The best and most reliable way to learn about your application’s requirements is to perform actual load tests on your application and track performance metrics at run time. The Gatling-based test we discussed earlier is a good way to do this.

Select the appropriate garbage collector

The stop-the-World (STW) garbage collection cycle is a big issue that affects the responsiveness of most client-facing applications and overall Java performance. However, current garbage collectors mostly solve this problem and, with appropriate optimization and resizing, eliminate the perception of collection cycles.

Profilers, heap dumps, and verbose GC logging tools can help. Again, note that this all needs to be monitored in real-world load mode.

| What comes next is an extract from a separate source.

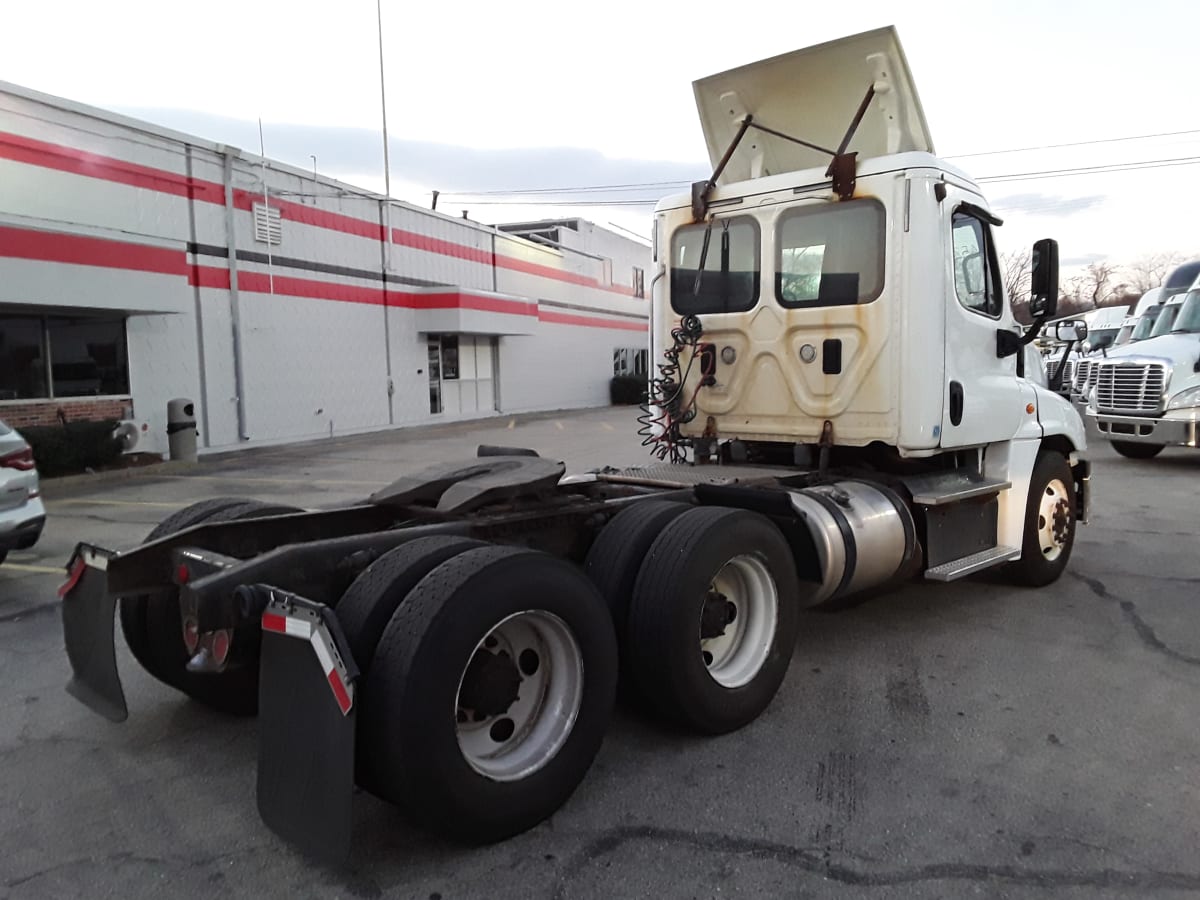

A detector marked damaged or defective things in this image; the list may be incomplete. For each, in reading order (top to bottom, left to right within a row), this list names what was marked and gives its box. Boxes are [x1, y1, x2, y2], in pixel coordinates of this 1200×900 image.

pavement crack [1070, 571, 1200, 672]
pavement crack [549, 830, 1200, 897]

For more information about the different garbage collectors, see this guide.

JDBC performance

Relational databases are another common performance problem in Java applications. To get response times for full requests, we naturally had to look at each layer of the application and think about how the code would interact with the underlying SQL DB.

The connection pool

Let’s start with the well-known fact that database connections are expensive. Connection pooling is an important first step in solving this problem.

It is recommended to use HikariCP JDBC, a very lightweight (about 130Kb) and extremely fast JDBC connection pooling framework.

JDBC batch

Persistence should perform batch operations as much as possible. JDBC batching allows us to send multiple SQL statements in a single database interaction.

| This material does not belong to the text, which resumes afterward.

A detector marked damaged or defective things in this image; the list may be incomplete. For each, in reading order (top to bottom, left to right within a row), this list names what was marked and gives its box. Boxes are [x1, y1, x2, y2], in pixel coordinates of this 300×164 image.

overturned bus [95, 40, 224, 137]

This can result in significant performance improvements on both the driver side and the database side. PreparedStatement* PreparedStatement* is a great batch command. Some database systems (such as Oracle) only support batching prepared statements.

Hibernate, on the other hand, is more flexible, allowing us to quickly switch to batch operations with just one configuration change.

The statement cache

Statement caching is another way to improve the performance of the persistence layer, which is a little-known but easy-to-learn performance optimization method.

You can cache a PreparedStatement either on the client side (the driver) or on the database side (the syntax tree or even the execution plan) as long as the underlying JDBC driver supports it.

Scaling of scale

Database replication and sharding are great ways to increase throughput, and we should take full advantage of these proven architectural patterns to extend the persistence layer of enterprise applications.

Architecture to improve

The cache

The price of memory is low and getting lower, and the performance cost of retrieving data from disk or over the network remains high. Caching naturally becomes critical in terms of application performance.

Of course, introducing a separate caching system into your application’s topology does add architectural complexity, so you should take advantage of the existing caching capabilities of the libraries and frameworks you currently use.

For example, most persistence frameworks support caching. Web frameworks such as Spring MVC can also use the caching support built into Spring, as well as the powerful HTTP-level caching based on ETags.

Horizontal scaling

No matter how much hardware we have in a single instance, there will always be times when we run out of hardware. In short, scaling has inherent limitations, and when the system encounters these problems, scaling horizontally is the only way to handle more load. This step is certainly quite complex, but it is the only way to scale the application.

This is well supported by most modern frameworks and libraries, and will get better and better. The Spring ecosystem has a complete set of projects dedicated to addressing this specific application architecture area, and most other frameworks have similar support.

In addition to improving Java performance, scaling out through a cluster has other benefits, such as redundancy and better handling of failures by adding new nodes, which improves overall system availability.

conclusion

In this article, we’ve explored a number of concepts around improving the performance of Java applications. We started with load testing, APM tool-based application and server monitoring, followed by some best practices for writing high-performance Java code. Finally, we looked at JVM-specific tuning techniques, database side tuning, and architectural tweaking.